From: Nick Doty <npdoty@ischool.berkeley.edu>
Date: Wed, 6 Jul 2016 19:12:15 -0700
Cc: "public-privacy (W3C mailing list)" <public-privacy@w3.org>
Message-Id: <68864CF8-1BF9-4812-ACA7-176CDE2DACDA@ischool.berkeley.edu>
To: norcie@cdt.org
> On Jul 5, 2016, at 3:20 PM, Greg Norcie <gnorcie@cdt.org> wrote:
> So do you think it's fair to say we've made some forward progress on reducing fingerpintability?

I don't think we have enough data to know whether fingerprintability on the whole has increased or decreased for all users and use cases over time. I do think we have evidence that some features that were being used for fingerprinting have become less effective for many users (Flash/fonts, plugins, window sizes on mobile devices), which I would consider forward progress.
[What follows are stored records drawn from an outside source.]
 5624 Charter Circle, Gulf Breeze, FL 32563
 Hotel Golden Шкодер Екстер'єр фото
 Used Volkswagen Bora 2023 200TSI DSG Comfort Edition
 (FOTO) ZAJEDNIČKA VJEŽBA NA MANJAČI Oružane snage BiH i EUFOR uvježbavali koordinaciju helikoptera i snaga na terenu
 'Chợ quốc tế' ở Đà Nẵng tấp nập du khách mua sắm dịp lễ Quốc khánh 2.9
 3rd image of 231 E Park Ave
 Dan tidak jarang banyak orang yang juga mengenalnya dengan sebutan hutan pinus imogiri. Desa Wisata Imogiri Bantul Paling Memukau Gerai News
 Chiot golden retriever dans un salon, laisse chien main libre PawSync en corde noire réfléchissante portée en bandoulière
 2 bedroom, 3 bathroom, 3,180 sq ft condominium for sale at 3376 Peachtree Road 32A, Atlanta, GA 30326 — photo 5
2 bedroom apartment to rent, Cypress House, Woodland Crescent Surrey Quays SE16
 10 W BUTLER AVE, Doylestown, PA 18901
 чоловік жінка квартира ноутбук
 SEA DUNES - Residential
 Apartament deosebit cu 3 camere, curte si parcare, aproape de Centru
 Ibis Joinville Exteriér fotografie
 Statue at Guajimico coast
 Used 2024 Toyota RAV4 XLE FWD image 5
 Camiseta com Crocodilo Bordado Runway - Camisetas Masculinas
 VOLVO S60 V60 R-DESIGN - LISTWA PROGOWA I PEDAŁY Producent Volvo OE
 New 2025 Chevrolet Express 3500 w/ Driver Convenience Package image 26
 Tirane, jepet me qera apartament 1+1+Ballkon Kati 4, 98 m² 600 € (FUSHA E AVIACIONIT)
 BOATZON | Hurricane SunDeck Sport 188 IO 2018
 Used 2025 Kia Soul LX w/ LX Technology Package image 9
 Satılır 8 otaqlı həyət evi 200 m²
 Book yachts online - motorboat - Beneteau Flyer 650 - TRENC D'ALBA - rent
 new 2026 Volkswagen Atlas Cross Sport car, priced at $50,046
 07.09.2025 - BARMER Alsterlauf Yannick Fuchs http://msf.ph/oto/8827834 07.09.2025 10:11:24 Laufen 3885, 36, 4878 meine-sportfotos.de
However, new features have increased fingerprintability (canvas, in particular, but also apparently User-Agent in some mobile devices).

> I often see fingerprinting presented as a threat that will always be at it's current effectiveness (or become more effective as browser features are added), so anything that challenges that assumption is very interesting.

I think there's definitely evidence here that not all features used for fingerprinting will remain at their current effectiveness, which might be part of that broader assumption. (Indeed, we should have noticed that years ago with the rise of popular mobile devices with a common screen size, auto-updating operating system and limited plugin support.)